▸ **Problem to work on**: The copy you produce must hold every record exactly, and none of the images.

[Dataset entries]
=-=-=-=-=

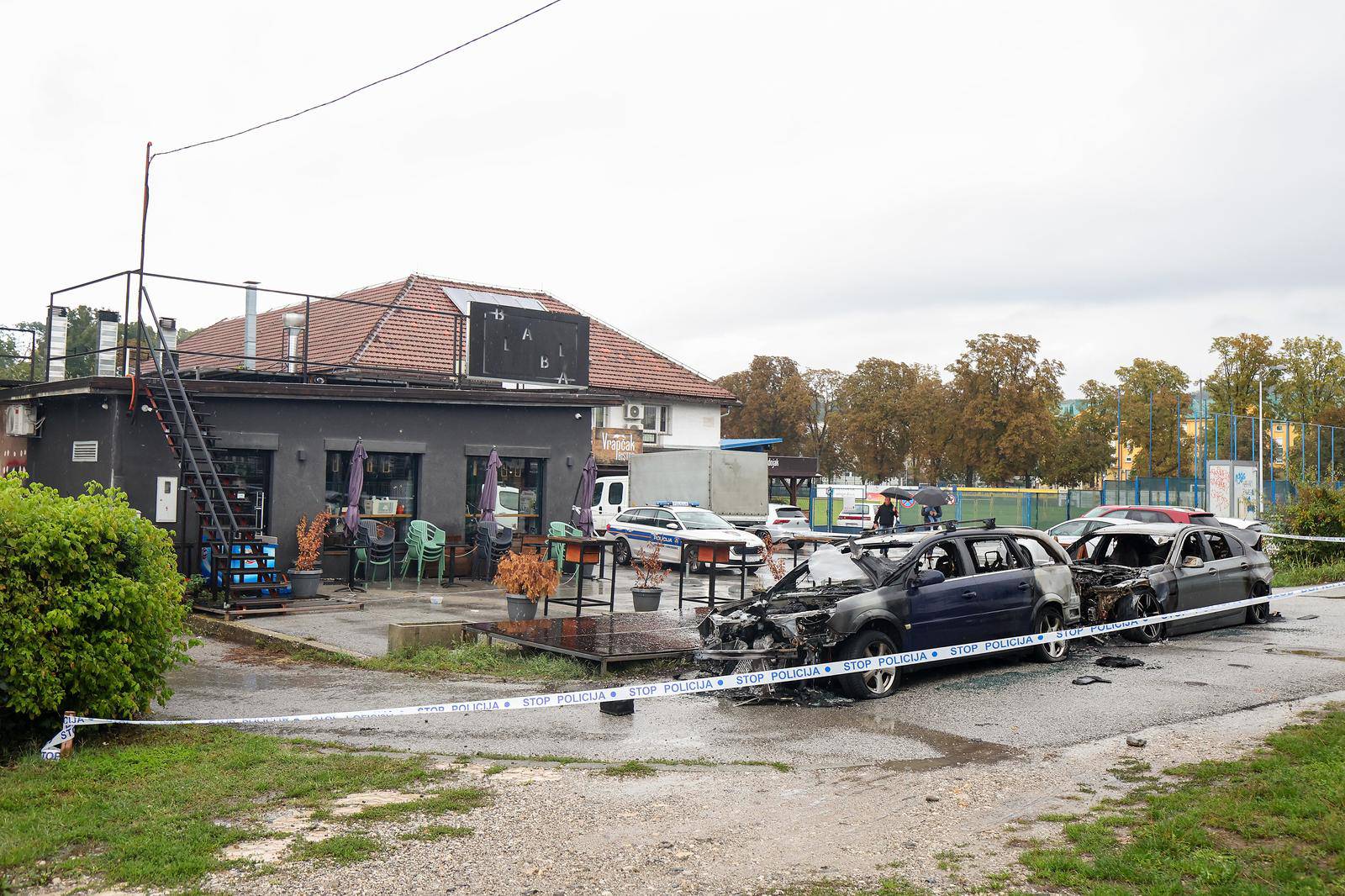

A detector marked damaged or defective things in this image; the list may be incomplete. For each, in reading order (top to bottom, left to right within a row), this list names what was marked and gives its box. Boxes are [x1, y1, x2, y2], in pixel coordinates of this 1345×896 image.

burned car [699, 524, 1076, 699]
destroyed vehicle [693, 521, 1083, 703]
destroyed vehicle [1063, 521, 1271, 639]
burned car [1069, 521, 1271, 639]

=-=-=-=-=

▸ **Result for this exercise**:
A detector marked damaged or defective things in this image; the list may be incomplete. For each, in reading order (top to bottom, left to right within a row), this list names what was marked and gives its box. Boxes are [x1, y1, x2, y2], in pixel coordinates of this 1345×896 image.

burned car [699, 524, 1076, 699]
destroyed vehicle [693, 521, 1083, 703]
destroyed vehicle [1063, 521, 1271, 639]
burned car [1069, 521, 1271, 639]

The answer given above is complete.